--- START ---

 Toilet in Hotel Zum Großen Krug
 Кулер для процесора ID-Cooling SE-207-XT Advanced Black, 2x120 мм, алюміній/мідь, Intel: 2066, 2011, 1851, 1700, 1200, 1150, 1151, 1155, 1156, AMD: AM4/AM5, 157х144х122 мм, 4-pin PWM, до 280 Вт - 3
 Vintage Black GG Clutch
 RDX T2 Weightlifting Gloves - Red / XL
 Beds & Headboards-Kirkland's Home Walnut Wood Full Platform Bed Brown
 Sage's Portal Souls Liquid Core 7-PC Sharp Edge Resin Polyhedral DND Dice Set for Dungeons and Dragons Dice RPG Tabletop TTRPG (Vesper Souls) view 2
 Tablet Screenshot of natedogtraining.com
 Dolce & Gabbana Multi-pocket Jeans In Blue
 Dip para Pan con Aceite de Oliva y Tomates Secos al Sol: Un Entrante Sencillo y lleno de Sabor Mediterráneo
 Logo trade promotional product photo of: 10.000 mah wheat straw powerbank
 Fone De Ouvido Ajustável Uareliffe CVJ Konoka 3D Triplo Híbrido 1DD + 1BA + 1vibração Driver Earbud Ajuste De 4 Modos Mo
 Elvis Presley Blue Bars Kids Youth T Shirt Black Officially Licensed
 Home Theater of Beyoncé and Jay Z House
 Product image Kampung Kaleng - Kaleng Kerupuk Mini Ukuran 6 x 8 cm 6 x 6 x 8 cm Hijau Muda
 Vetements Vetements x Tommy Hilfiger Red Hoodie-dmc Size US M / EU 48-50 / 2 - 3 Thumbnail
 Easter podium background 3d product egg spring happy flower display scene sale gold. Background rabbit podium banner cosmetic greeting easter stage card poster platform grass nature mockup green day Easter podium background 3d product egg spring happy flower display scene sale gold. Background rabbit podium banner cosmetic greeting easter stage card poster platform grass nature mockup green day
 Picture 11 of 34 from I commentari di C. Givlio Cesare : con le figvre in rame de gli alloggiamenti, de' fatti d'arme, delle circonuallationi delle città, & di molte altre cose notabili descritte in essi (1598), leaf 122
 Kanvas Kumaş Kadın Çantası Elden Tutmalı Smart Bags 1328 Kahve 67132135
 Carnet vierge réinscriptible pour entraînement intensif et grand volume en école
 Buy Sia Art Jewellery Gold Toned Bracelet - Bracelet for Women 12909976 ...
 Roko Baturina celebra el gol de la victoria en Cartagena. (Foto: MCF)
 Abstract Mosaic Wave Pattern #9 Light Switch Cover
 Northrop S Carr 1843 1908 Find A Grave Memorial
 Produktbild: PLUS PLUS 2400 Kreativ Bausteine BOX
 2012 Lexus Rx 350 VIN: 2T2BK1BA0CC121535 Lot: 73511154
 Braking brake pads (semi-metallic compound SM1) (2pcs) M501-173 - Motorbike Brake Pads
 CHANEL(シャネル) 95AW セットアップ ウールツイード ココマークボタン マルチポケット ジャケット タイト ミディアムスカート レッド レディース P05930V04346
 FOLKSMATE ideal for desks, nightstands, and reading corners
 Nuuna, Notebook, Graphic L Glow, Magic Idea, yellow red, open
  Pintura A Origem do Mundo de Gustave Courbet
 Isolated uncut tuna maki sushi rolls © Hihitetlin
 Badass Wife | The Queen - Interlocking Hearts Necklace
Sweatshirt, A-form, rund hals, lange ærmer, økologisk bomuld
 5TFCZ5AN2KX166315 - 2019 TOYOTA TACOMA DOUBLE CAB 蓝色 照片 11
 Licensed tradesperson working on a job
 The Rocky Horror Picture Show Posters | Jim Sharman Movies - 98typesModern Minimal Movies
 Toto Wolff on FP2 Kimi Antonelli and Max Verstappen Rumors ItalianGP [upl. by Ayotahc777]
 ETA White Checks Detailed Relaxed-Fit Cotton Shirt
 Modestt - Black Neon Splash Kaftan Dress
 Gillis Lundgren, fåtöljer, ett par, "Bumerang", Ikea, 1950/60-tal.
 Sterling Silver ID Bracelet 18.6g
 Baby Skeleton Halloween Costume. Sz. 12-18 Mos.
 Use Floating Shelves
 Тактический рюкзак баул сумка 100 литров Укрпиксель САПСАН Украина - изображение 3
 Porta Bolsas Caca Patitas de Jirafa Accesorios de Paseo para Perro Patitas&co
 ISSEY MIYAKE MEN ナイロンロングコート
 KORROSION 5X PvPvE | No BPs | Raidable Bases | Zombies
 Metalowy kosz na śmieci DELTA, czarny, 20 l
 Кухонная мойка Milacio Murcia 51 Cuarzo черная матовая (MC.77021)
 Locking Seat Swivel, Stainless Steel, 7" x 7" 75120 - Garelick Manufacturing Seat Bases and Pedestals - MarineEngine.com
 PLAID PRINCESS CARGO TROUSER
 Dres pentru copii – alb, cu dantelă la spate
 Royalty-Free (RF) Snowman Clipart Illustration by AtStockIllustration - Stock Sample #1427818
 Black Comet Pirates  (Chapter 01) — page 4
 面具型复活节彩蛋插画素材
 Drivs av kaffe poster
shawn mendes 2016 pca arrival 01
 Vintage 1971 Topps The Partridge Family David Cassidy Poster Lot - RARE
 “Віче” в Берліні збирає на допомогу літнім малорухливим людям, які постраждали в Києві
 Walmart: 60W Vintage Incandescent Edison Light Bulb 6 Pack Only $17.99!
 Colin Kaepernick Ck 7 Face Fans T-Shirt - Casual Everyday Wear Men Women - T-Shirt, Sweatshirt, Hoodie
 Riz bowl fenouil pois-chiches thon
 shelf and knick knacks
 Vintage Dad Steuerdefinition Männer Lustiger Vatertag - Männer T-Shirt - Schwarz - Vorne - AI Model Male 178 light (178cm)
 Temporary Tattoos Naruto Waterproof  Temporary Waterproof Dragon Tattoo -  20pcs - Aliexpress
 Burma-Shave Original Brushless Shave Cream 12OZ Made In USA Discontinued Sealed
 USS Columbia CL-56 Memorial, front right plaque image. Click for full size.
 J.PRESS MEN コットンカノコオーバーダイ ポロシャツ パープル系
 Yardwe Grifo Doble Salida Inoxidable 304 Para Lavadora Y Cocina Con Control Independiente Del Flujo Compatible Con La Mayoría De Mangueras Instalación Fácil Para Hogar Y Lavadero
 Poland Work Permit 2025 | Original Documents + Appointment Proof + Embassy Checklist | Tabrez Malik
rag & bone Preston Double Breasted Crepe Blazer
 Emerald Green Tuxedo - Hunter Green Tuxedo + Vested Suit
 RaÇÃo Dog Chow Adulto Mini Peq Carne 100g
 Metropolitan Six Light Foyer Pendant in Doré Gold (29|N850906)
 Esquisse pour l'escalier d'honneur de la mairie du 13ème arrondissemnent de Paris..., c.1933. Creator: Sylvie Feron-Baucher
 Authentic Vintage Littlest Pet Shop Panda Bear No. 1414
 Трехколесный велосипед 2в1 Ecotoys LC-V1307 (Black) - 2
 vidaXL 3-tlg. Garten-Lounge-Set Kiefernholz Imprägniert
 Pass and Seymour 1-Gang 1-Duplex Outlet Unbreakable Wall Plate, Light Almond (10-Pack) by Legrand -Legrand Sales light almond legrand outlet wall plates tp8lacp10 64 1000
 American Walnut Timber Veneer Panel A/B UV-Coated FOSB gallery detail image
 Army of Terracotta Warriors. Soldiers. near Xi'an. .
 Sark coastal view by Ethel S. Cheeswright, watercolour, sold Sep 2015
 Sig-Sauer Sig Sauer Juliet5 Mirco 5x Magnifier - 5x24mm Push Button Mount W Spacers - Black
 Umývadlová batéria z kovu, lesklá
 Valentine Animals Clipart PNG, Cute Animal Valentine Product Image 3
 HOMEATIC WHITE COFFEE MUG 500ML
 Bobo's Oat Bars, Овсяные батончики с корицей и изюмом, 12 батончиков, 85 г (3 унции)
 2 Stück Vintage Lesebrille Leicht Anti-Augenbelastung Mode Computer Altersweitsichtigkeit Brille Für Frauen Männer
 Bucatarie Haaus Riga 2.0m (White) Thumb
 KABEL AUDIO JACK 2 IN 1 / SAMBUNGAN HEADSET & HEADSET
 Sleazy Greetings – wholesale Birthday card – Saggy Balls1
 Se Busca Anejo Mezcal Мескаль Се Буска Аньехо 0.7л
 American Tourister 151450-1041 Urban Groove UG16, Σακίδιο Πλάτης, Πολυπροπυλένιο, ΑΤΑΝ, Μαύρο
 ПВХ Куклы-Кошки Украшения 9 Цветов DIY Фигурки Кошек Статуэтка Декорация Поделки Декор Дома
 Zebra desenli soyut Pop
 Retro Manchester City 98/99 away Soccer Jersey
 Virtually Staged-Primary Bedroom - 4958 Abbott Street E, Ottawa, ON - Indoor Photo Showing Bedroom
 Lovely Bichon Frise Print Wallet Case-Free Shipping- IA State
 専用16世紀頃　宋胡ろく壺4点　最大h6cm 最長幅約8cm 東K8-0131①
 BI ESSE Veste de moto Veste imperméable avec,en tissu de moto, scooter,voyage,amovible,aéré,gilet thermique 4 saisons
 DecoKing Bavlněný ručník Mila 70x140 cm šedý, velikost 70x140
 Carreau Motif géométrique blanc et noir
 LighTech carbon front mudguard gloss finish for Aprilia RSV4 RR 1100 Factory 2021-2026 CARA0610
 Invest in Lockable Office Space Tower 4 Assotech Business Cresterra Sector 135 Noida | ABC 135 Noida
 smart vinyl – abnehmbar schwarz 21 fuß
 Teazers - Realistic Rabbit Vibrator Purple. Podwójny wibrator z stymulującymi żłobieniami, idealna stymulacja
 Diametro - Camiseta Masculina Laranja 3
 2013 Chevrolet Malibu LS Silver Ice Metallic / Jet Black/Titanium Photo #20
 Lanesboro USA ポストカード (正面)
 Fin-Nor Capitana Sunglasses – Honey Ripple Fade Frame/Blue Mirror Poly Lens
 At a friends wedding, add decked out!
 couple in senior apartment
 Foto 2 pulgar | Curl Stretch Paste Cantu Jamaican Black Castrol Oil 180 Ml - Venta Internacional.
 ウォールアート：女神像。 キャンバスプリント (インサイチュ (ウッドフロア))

--- END ---

Work instructions ▸ Using the entries above, extract exactly the span from the line with "Badass Wife |" to the line with "Use Floating Shelves", both lines included; leave out everything else.

Answer to this task ▸
 Badass Wife | The Queen - Interlocking Hearts Necklace
Sweatshirt, A-form, rund hals, lange ærmer, økologisk bomuld
 5TFCZ5AN2KX166315 - 2019 TOYOTA TACOMA DOUBLE CAB 蓝色 照片 11
 Licensed tradesperson working on a job
 The Rocky Horror Picture Show Posters | Jim Sharman Movies - 98typesModern Minimal Movies
 Toto Wolff on FP2 Kimi Antonelli and Max Verstappen Rumors ItalianGP [upl. by Ayotahc777]
 ETA White Checks Detailed Relaxed-Fit Cotton Shirt
 Modestt - Black Neon Splash Kaftan Dress
 Gillis Lundgren, fåtöljer, ett par, "Bumerang", Ikea, 1950/60-tal.
 Sterling Silver ID Bracelet 18.6g
 Baby Skeleton Halloween Costume. Sz. 12-18 Mos.
 Use Floating Shelves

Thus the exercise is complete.